The Namdeb CEO said the high taxes are negatively impacting on operations as it is now increasingly difficult to achieve the required hurdle rates as miners attempt to justify the investment to mine lower grade areas, adding that opportunities could be lost to extend the life of diamond mines into the future due to the high tax rates that are much higher than other mining companies and non-mining companies. She said that any reduction in the diamond mining tax or royalty rates could have a positive impact on extending the life of mine operations.
While the mining industry did not get any tax relief, the sector will soon be expected to pay export levies on raw materials. The Minister of Finance is expected to table the Export Levy bill in Parliament within the next few months. The Namdeb chief said she is worried about the impact that the new export levies would have on the sector.

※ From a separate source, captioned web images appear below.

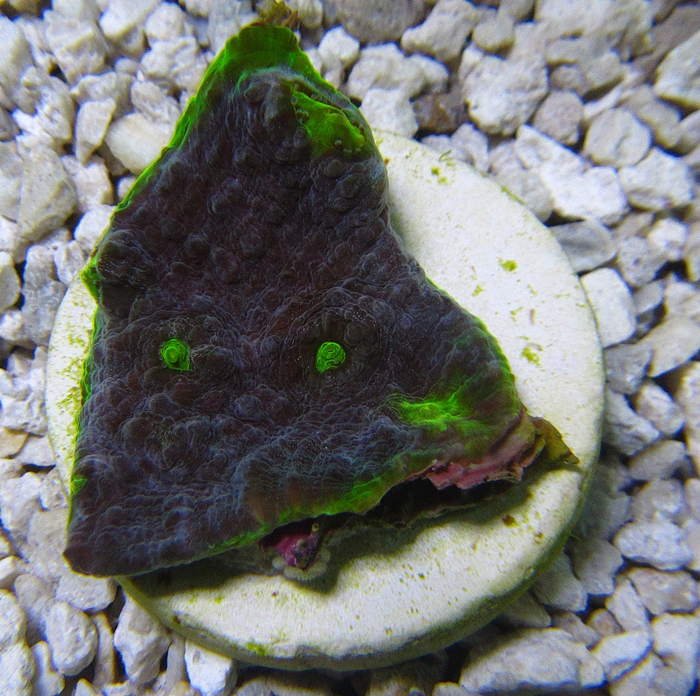 Alien Eye Chalice - Frag #T 753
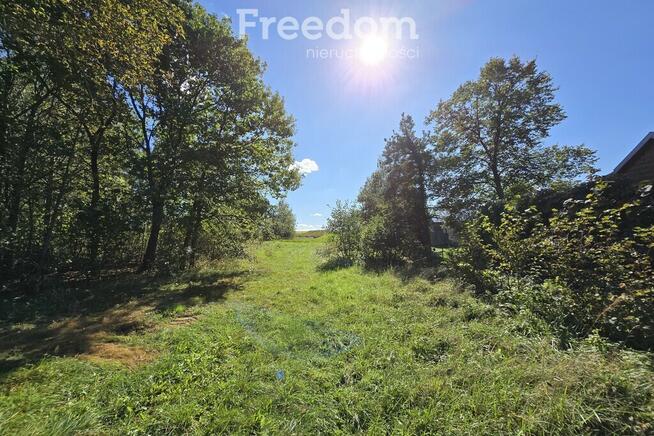 Urokliwe siedlisko nad Bugiem – Derło, gm. Rokitno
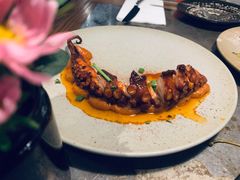 香烤八爪鱼腿-Apollo·西班牙小酒馆(安福路店)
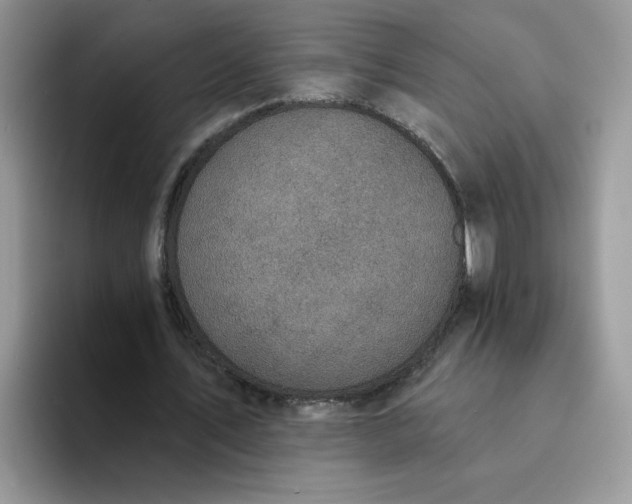 X0000094210579200711091239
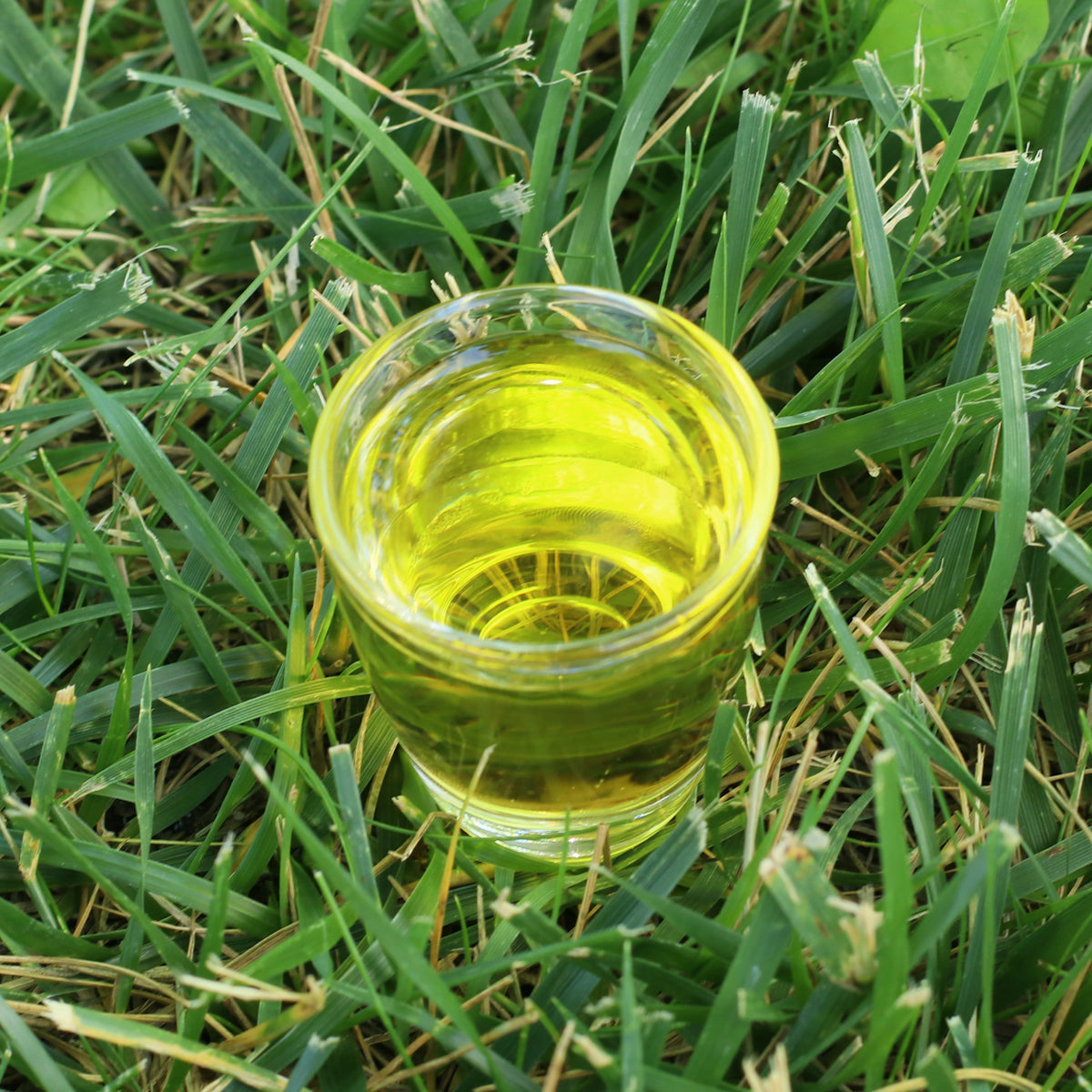 Mannavita Hongaarse koudgeperste mariadistelzaadolie • 250 ml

“We had hoped that the export duty that is being considered would probably not be made applicable, but here we are, we have to see what the additional impact of the levy will be. The diamond industry is a mature industry; our cost structure is already high enough. We are already paying high taxes. Namibian diamond mining taxes are probably the highest in the region, if not in the world, so any other additional costs that you impose just makes it impossible for us to unlock the value in the diamonds that are in the ground. It makes it more expensive to mine,” said Zaamwani-Kamwi.
She said the sector will continue to consult with the government on a project to project basis.
In her budget presentation to Parliament last Tuesday, Finance Minister Saara Kuungongelwa-Amadhila announced proposals for a reduction in non-mining company tax from the current rate of 34% to 32% in the next two financial years. She also increased the income tax threshold to N$50 000 in addition to reduced individual income tax rates and adjusted income tax brackets.